4.7. Loop unrolling¶

Loop unrolling is a technique to improve performance. Small loops are expanded such that an iteration of the loop is replicated a certain number of times in the loop body. The number of times an iteration is replicated is known as the unroll factor.

4.7.1. Benefits¶

Reduce branch overhead This is especially significant for small loops. For example, the loop in Listing 4.10 is unrolled by a factor of 4. From the assembly Listing 4.11, it is evident that the branch overhead is reduced by a factor of 4 (one BANZ for 4 iterations vs. 1 without unrolling).

There are additional benefits on C28x CPUs with FPU support:

Generate RPTB for small loops - loop unrolling increases the number of instructions in the loop body and enables the compiler to meet the minimum block size requirements for the RPTB instruction.
Improved floating-point performance - loop unrolling can improve performance by providing the compiler more instructions to schedule across the unrolled iterations.
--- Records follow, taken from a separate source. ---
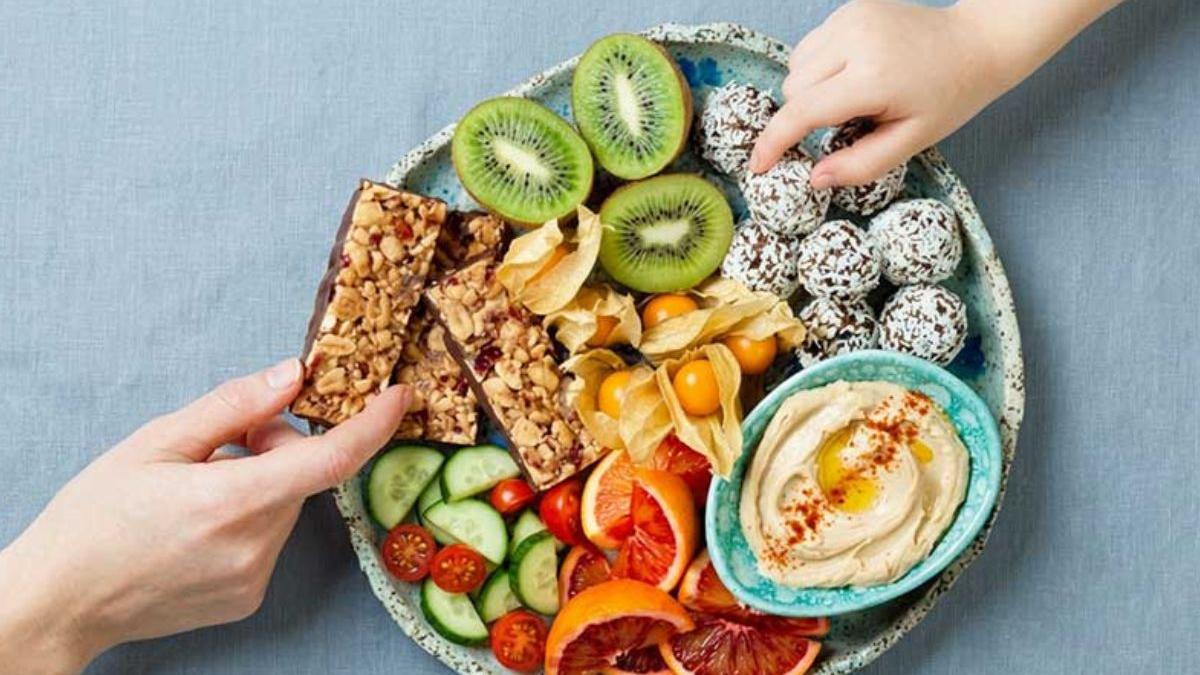 Low-fat snack, sugar attack: Your diet’s off track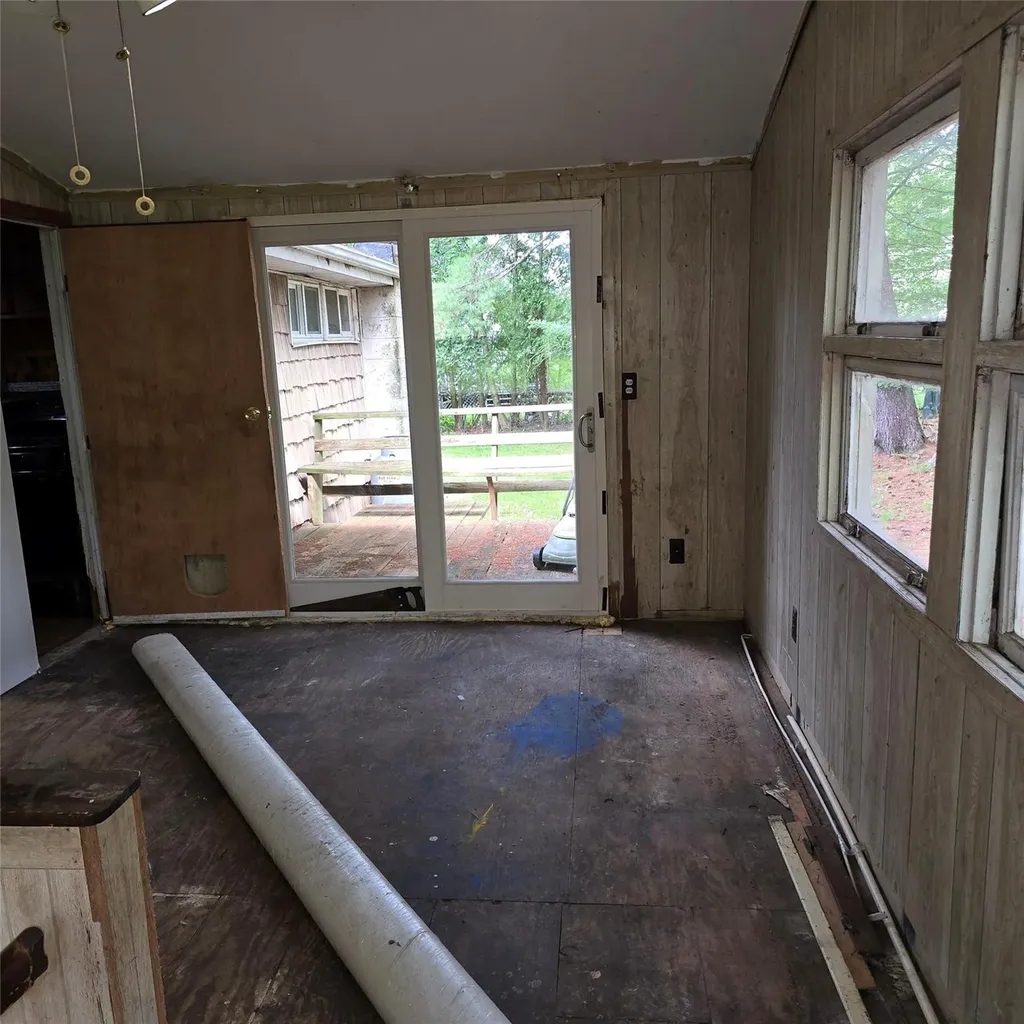 11 Ann Lane Mountain Dale NY 12763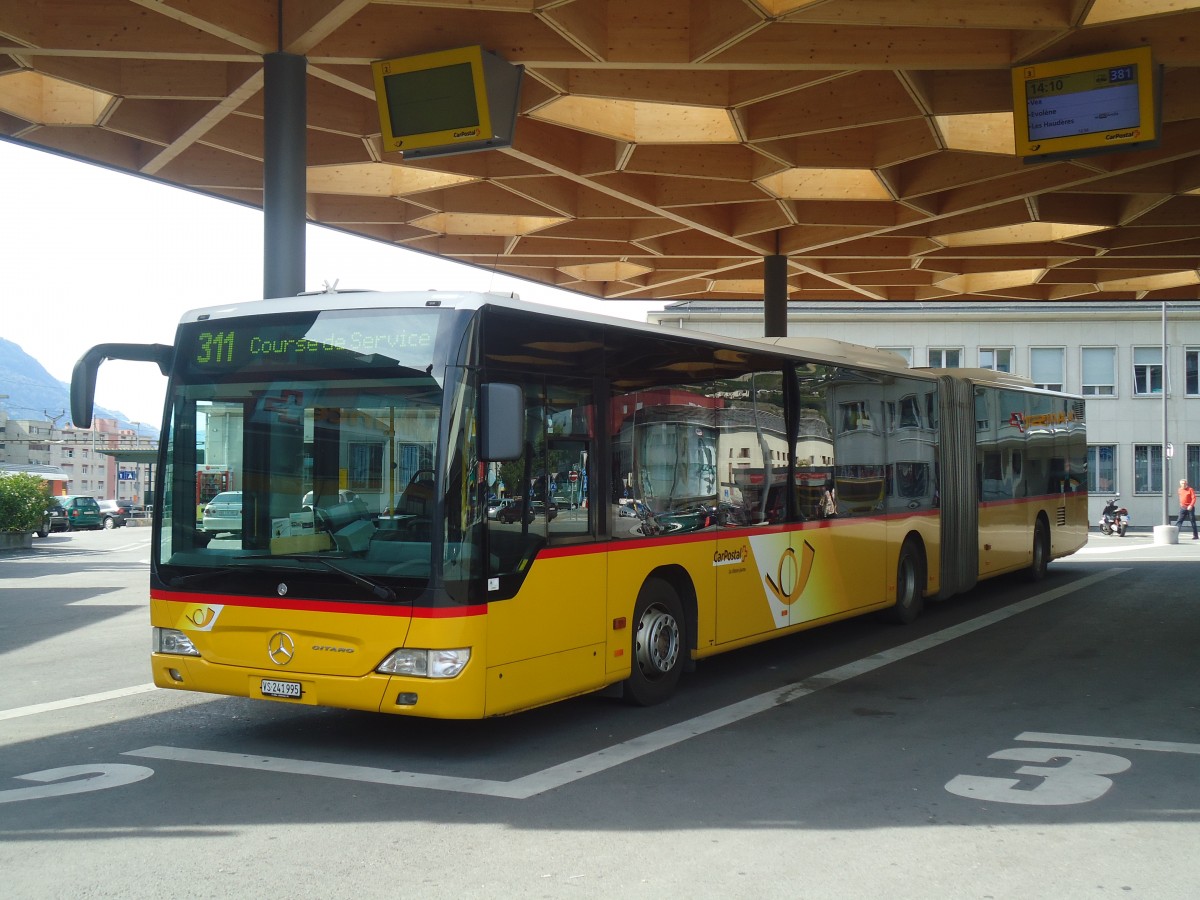 (147'322) - PostAuto Wallis - Nr. 10/VS 241'995 - Mercedes am 22. September 2013 beim Bahnhof Sion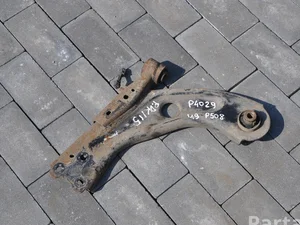 Peugeot 508 II 2019 Devant  levier inférieur incurvé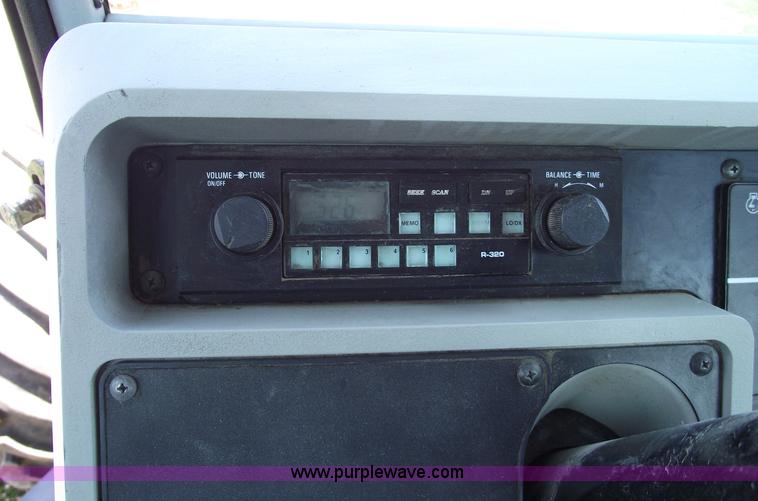 image for item A4213 1995 AGCO Allis 9695 MFWD tractor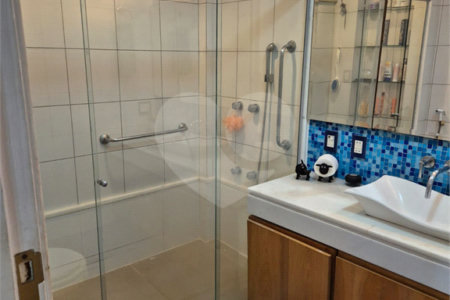 Apartamento à venda com 2 quartos, sendo 1 suíte,  em Copacabana, Rio de Janeiro, RJ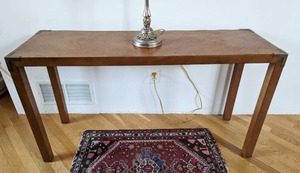 lot 26 image: Lane Sofa Table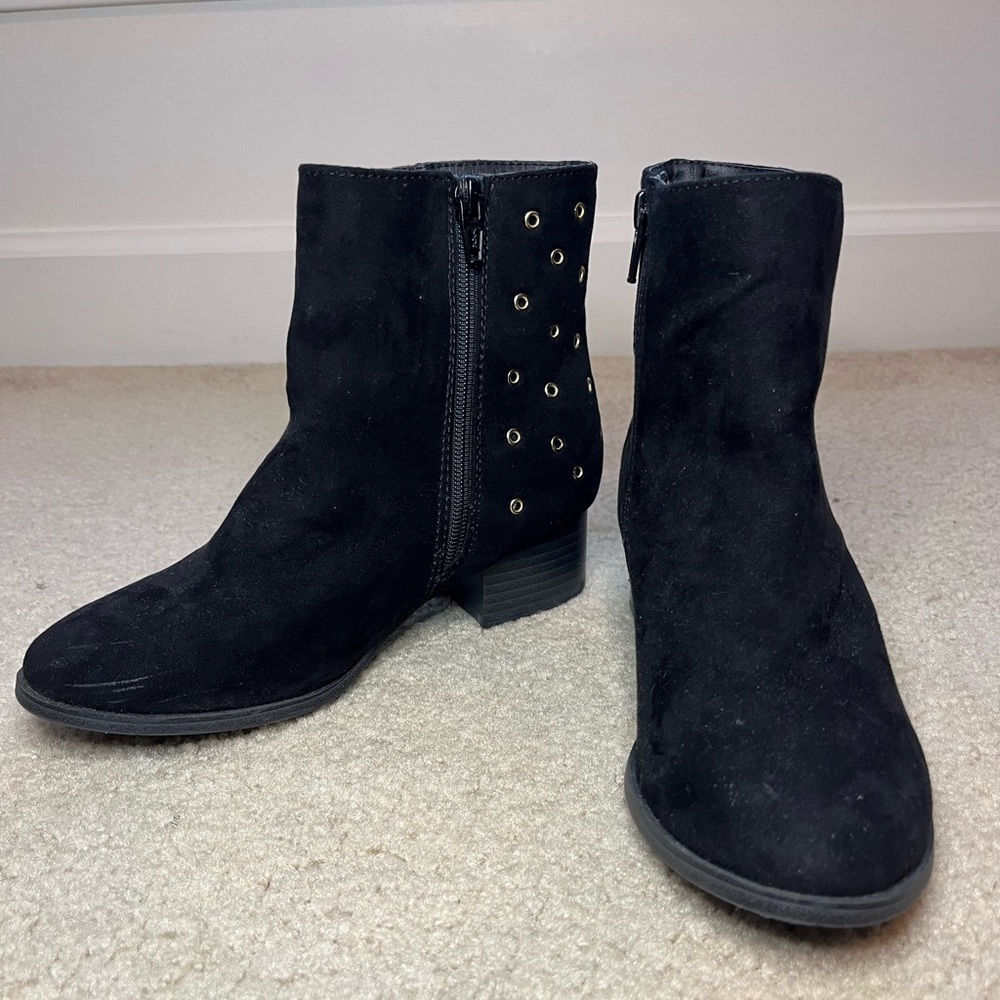 OLD NAVY Girls Black Ankle Boots with Gold Grommet Detail Size 2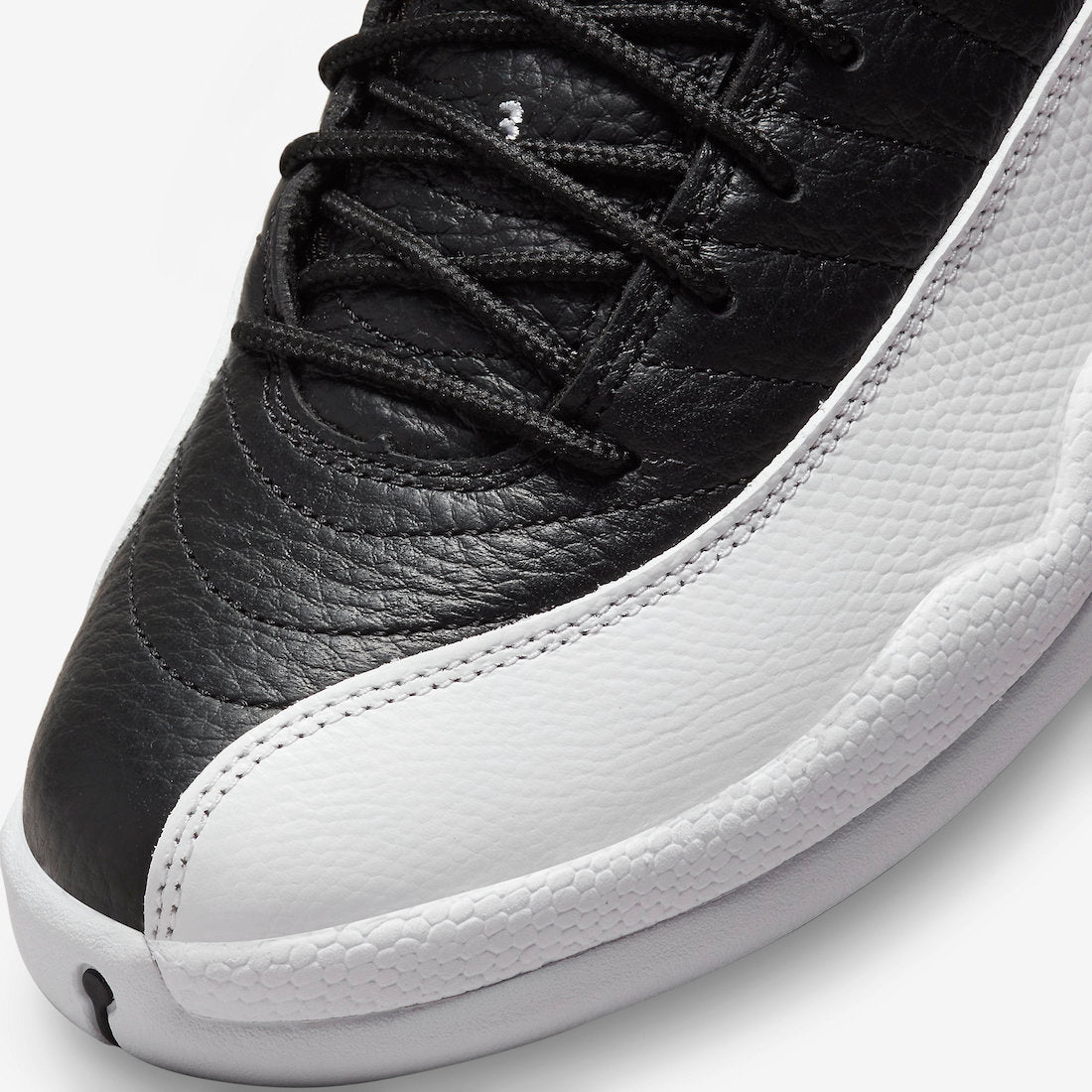 Jordan 12 Retro Playoffs (2022)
This reduces the number of NOPs generated and also provides the compiler with a greater opportunity to generate parallel instructions.

Note

Loop unrolling will result in a code size increase because the compiler replicates the loop body. #pragma UNROLL(1) can be used to prevent the compiler from unrolling the loop.

4.7.2. Performing unrolling¶

There are two ways in which loop unrolling can be performed:

The compiler can automatically unroll the loop. Listing 4.12 is an example of a loop that is unrolled 4 times by the compiler.
The UNROLL pragma can be used to indicate to the compiler that the loop is a candidate for unrolling. Refer to UNROLL for details.